Esthetics play a supporting role at best in the contemporary art scene. Painters who aspire to recognition as serious artists must first emphasize the idea behind their work.

 

Those relatively few painters who can make art that is both high-concept and visually beautiful are the ones who are successful both with critics and the public.

 

The situation is a little more difficult for artists like Leopold Plotek, who put more value on the esthetics of their paintings than their intellectual content.

 

"l am (an intellectual), but it doesn't help me in the studio," Plotek said last week at the vernissage of an exhibition at Han Art of his early abstract works.

 

Good painting is a result of intuition and experience, he said, and an intellectual approach is not necessary.

 

‘‘I don't cram content into my paintings." he said. ignoring the fact that his paintings are full of references to classical art, architecture, philosophy and literature.

 

Plotek explains: “Why do I love Mozart? It's because the form is so exquisite. Some content is there and it doesn't hurt to know what it is, but it doesn't matter" to the enjoyment of the music.

 

Similarly, the paintings of Plotek, a Concordia art teacher, do have content. But the references enter the painting through the artist's experience and intuition.

 

The paintings at Han Art are from 1978 through the 1980s, and are what Plotek calls his “first authentic works" following his student days. A trip to ltaly turned his life around.

 

“I fell in love with Italian architecture - Alberti, Brunelleschi" and others, he said. On his return to Montreal, he “picked up a charcoal to see if I had anything to say."

 

Like ltaly's Metaphysical painters of the First World War era, Plotek creates abstract forms that seem both - architectural and figurative.
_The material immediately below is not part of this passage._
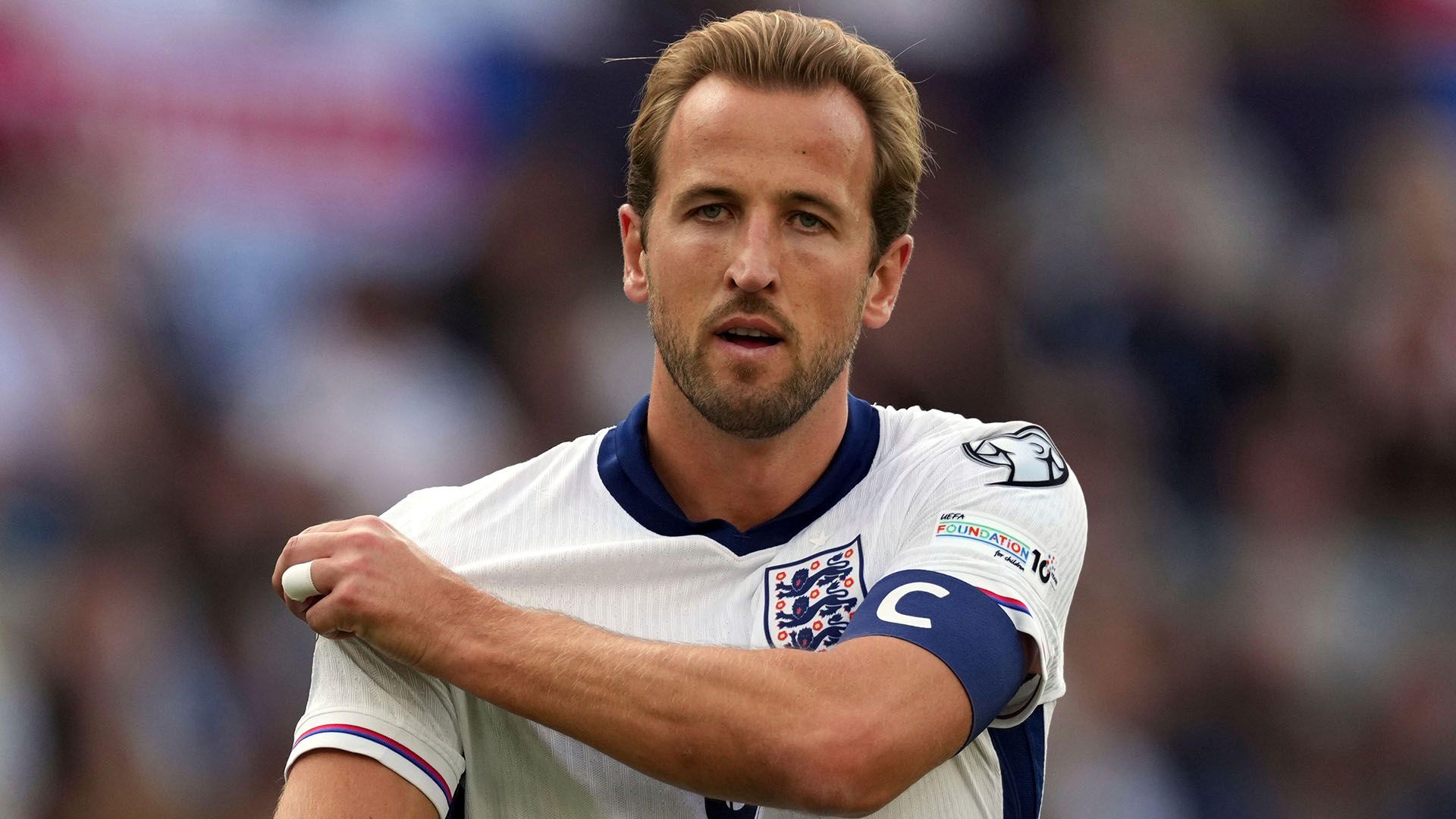 1920x1080 Harry Kane 2026 World Cup Profile: Golden Boot Odds, Stats & Free Bets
A brooding human presence is felt in the minimalist abstractions, the origin of which could be the corner of a coffee table, he said.

 

Of the paintings in the show, Plotek noted their large size — typically 72 by 89 inches — as a telling sign of an ambitious artist in his 30s.

 

And of the play of light and dark in the paintings, he says. “An abiding principle is that a painting needs a beautiful sense of light."